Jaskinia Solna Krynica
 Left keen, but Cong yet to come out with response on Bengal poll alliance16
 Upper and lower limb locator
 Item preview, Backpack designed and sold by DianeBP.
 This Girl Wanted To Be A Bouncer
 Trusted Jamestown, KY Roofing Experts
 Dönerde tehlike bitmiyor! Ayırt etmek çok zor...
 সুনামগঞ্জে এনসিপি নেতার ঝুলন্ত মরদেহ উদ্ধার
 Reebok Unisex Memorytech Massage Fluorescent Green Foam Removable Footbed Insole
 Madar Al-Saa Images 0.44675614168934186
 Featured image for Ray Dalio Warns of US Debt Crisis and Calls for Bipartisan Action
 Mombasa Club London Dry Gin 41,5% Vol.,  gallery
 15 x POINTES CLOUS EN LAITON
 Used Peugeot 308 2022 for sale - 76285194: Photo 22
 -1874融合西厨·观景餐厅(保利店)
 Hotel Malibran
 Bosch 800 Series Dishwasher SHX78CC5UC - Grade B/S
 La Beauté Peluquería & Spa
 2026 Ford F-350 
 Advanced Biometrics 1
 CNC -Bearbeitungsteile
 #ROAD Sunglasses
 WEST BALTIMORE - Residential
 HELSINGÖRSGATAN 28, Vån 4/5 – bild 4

* **Exercise objective**:
Copy out exactly the lines between the line with "-1874融合西厨·观景餐厅(保利店)" and the last line of the entries, counting both of those lines.

* **Answer area**:
 -1874融合西厨·观景餐厅(保利店)
 Hotel Malibran
 Bosch 800 Series Dishwasher SHX78CC5UC - Grade B/S
 La Beauté Peluquería & Spa
 2026 Ford F-350 
 Advanced Biometrics 1
 CNC -Bearbeitungsteile
 #ROAD Sunglasses
 WEST BALTIMORE - Residential
 HELSINGÖRSGATAN 28, Vån 4/5 – bild 4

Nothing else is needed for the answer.